There was a clear demand for Gen Z to see these dynamics in a more relatable and refined way, and every generation deserves to see its growing pains being made fun of and made into an arguably Oscar-winning edit that they can send to their roommate with the note “this is us”. Clear distinctions between the Jessica Salmon and the Hannah Horvaths of our screens can be easily identified, mimicking the differences of how life has become publicized for even the average struggling woman.
Today’s characters aren’t just fumbling in private; their mistakes are immediately broadcast, archived, and memed, even when set in the early 2010s era of MySpace status posts. New series like these are likely to lean into that reality, making self-awareness itself a joke, which we all love to identify with as we laugh.
Earlier shows often revolved around career arcs — becoming a writer, an artist, a professional. In these stories, work is treated as an impermanent force: just another gig until rent’s due again, with love (both romantic and platonic) and self-discovery making it’s way to the front of the plotlines. The drama isn’t whether you’ll achieve your dream job, but whether you’ll survive another month on a corporate paycheck and/or side hustle while juggling the life stuff.

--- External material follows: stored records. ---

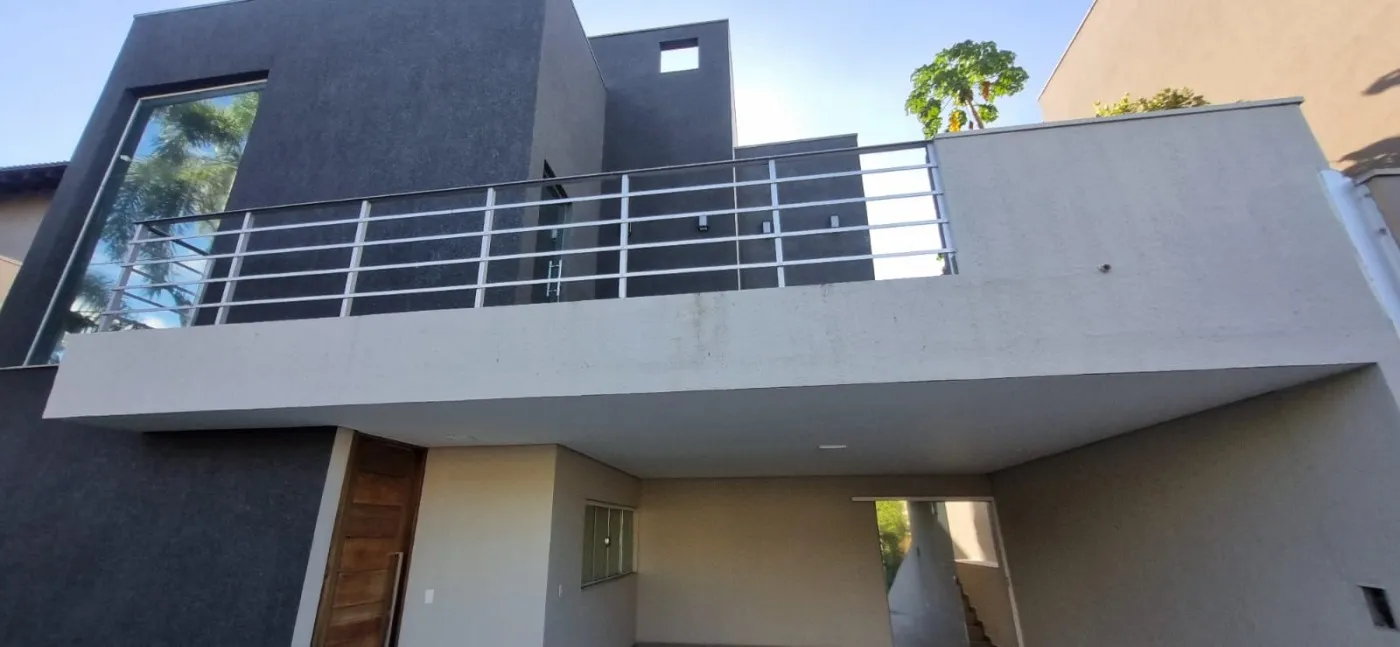 Casa em Condomínio para Venda em Cuiabá / MT no bairro Ribeirão do Lipa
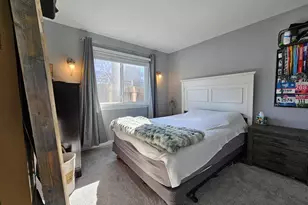 33 Pleasant St, Stamford, CT 06901 - Photo 6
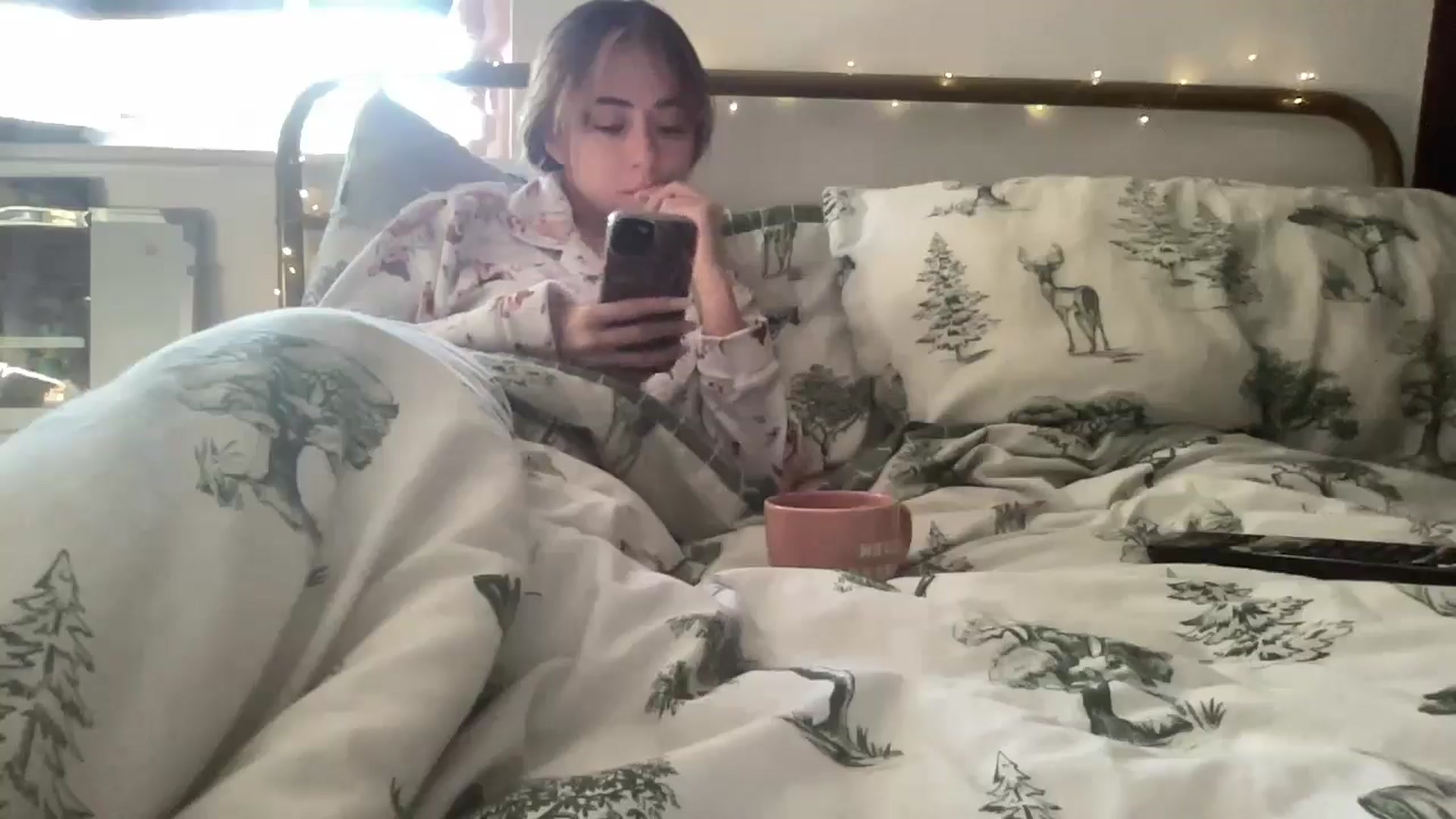 Gallery image thumbnail from petitebabixo's myfreecams stream on, 12/26/2025, 11:39 image 10 of 20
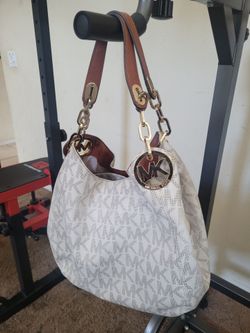 Michael Kors Fulton Large Shoulder Bag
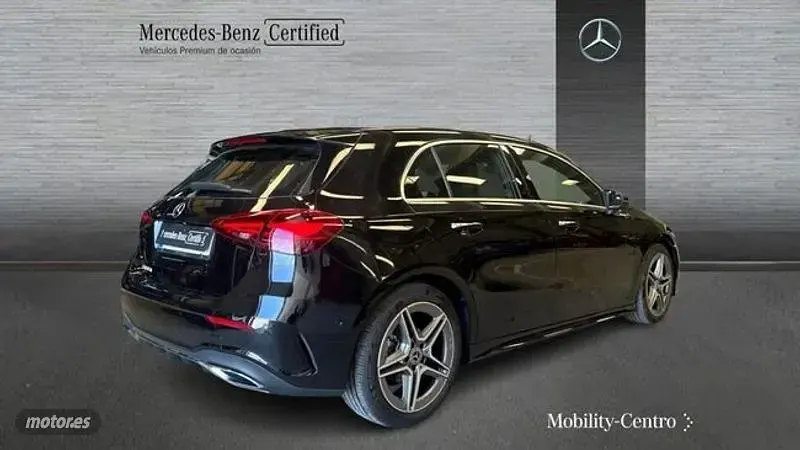 Usado Mercedes A180 116 CV (85 kW) 2024 Negro Berlina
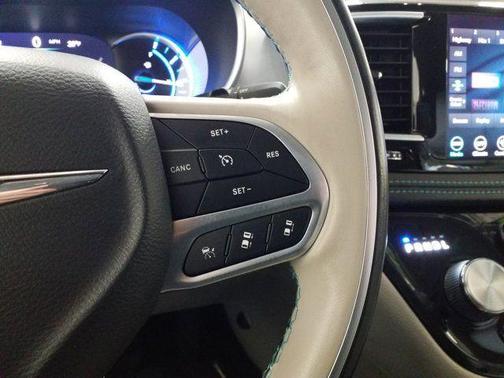 2020 Chrysler Pacifica Hybrid Limited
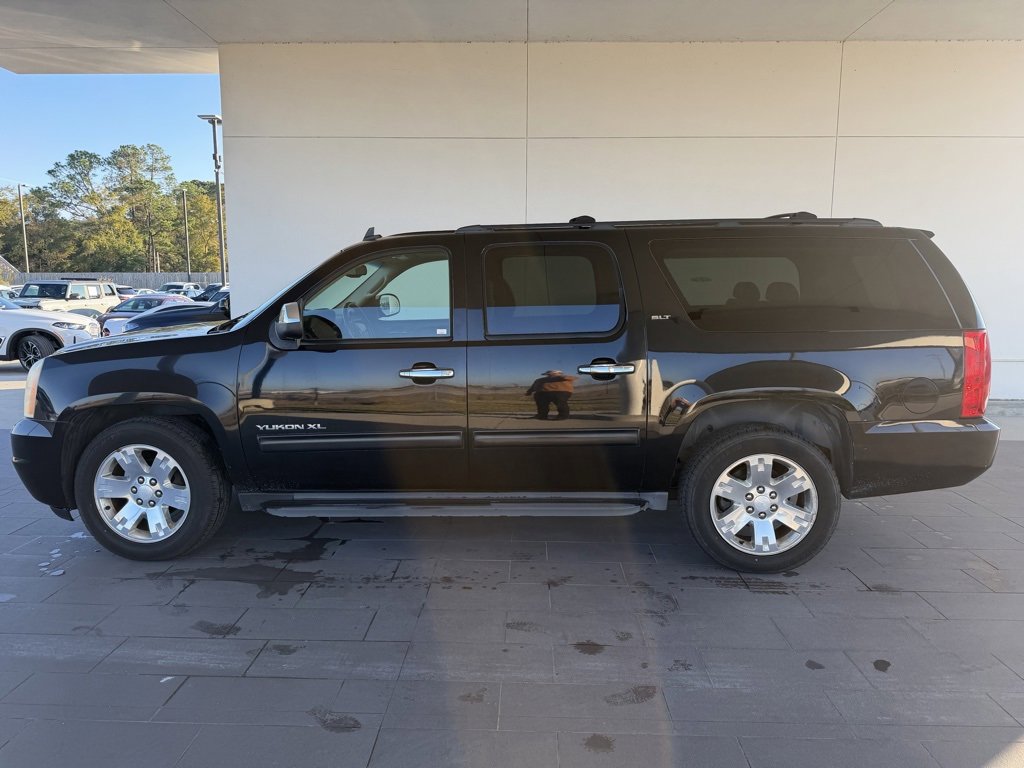 Used 2011 GMC Yukon XL SLT image 9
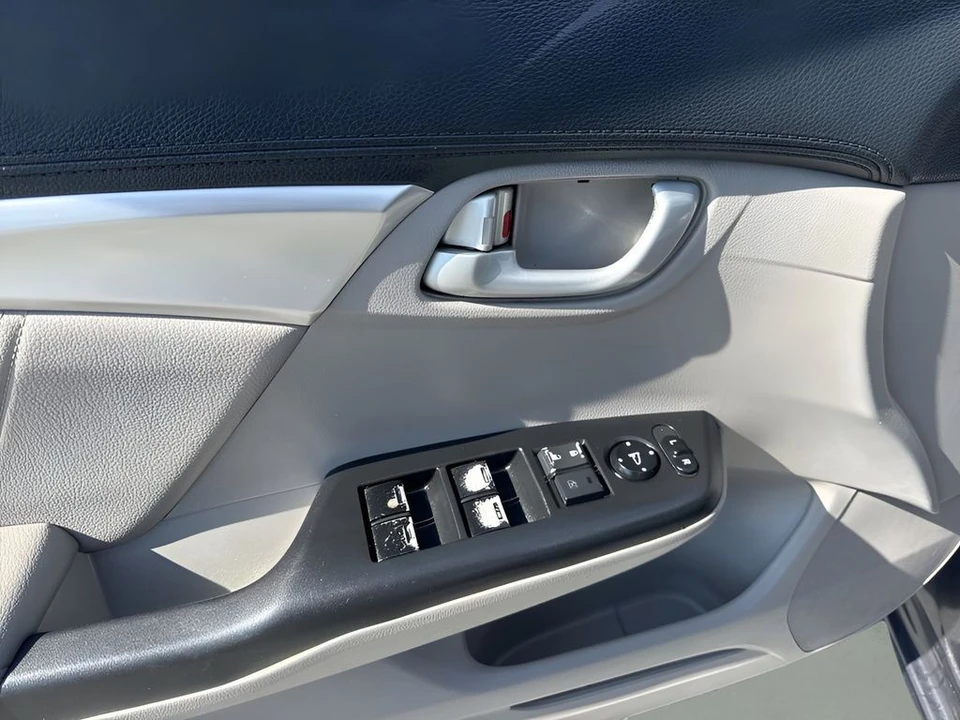 2014 Honda Civic 9th Gen - Image 25 of 31
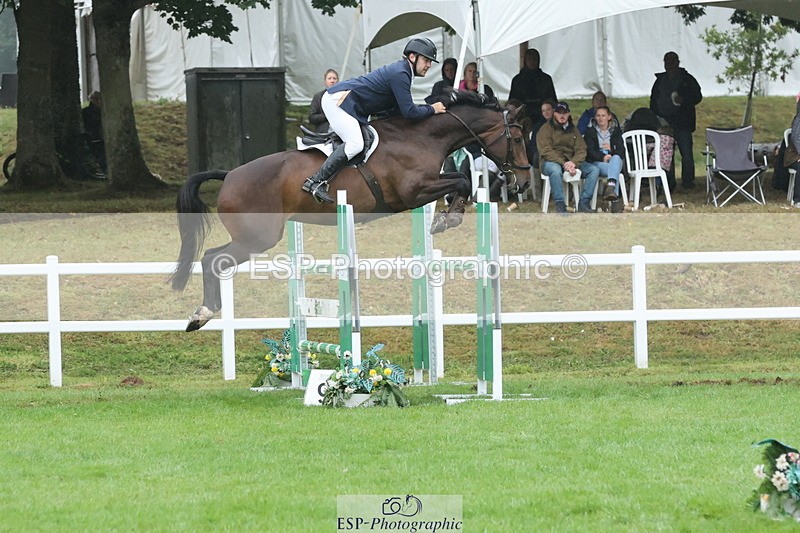 250830A-144954-07129 - Cls 16 Snr Newcomers and 1.10m Open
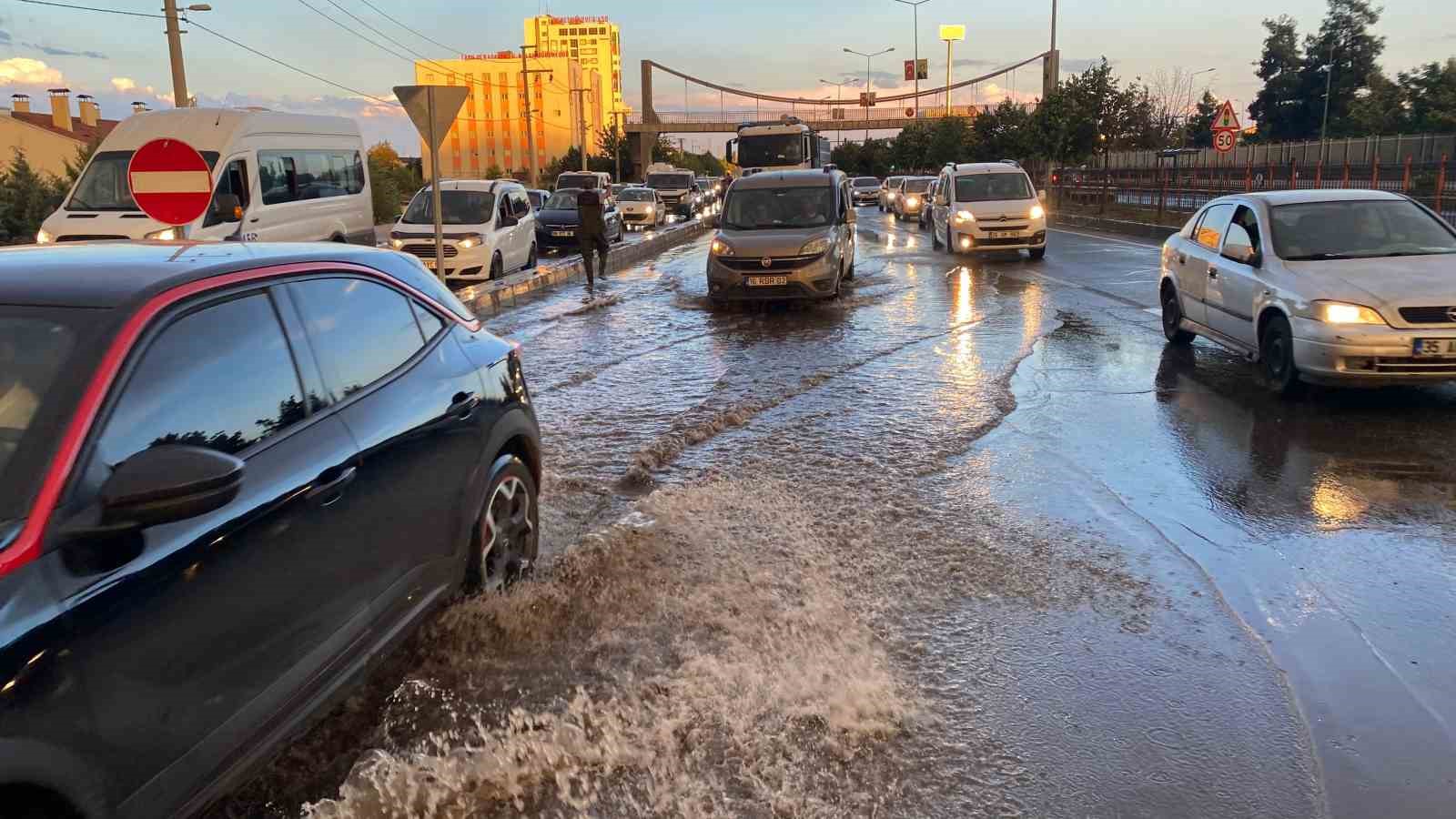 Diyarbakır’da sağanak yağış rögar tıkattı, kilometrelerce araç trafiği oluştu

Friendship has also rebranded in a reflective way! Abbi and Ilana were love at first sight-type of soulmates, Issa and Molly had a bond that could bend but never break. Today’s friendships are less mythic and more transactional, reflecting a reality where people cycle through roommates, co-workers, and cities. It’s not worse — just different. Intimacy looks more like shared Uber rides or trauma bonding over failed connections rather than lifelong promises.
So why do we keep coming back to these shows? Because they remind us that being lost is universal, generational, and deeply laughable? Is it our God-given destiny to produce an era-defining lineup of productions that can redefine the retellings of these awkward stages of life for each generation? If the first wave of coming-of-age comedies captured the chaos of becoming an adult, this new wave captures the chaos of realizing you’ll never stop becoming one. And maybe that’s the most grueling, giggle-inspiring portrait of growing up television has ever given us.